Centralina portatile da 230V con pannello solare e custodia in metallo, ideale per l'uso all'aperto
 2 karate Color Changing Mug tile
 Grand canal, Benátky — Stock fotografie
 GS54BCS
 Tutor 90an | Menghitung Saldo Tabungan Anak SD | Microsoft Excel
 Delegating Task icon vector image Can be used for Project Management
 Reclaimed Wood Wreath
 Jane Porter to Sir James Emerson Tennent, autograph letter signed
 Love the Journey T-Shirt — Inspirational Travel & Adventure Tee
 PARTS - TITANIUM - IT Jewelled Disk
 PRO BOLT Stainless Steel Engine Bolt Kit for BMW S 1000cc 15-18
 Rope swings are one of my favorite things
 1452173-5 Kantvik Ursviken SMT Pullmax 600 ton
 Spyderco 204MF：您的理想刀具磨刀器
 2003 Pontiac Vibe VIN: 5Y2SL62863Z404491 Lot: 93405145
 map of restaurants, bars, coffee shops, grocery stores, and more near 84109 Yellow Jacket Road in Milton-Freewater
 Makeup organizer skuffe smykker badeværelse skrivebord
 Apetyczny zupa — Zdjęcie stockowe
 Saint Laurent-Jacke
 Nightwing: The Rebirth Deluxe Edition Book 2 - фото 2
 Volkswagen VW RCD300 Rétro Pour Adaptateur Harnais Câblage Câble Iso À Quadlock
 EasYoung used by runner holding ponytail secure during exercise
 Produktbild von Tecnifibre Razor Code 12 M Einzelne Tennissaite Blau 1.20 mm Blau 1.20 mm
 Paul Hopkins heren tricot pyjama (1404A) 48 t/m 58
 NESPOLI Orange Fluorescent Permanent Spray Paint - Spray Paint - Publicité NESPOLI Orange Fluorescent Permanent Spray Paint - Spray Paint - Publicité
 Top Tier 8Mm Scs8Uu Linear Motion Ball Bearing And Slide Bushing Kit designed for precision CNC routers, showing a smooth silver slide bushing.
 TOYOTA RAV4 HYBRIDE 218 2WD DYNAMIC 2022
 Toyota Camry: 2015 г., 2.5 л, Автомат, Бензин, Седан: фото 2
################
- TO DO -
For every line of the material that holds the word "фото", make a copy.

- TASK RESULT -
 Nightwing: The Rebirth Deluxe Edition Book 2 - фото 2
 Toyota Camry: 2015 г., 2.5 л, Автомат, Бензин, Седан: фото 2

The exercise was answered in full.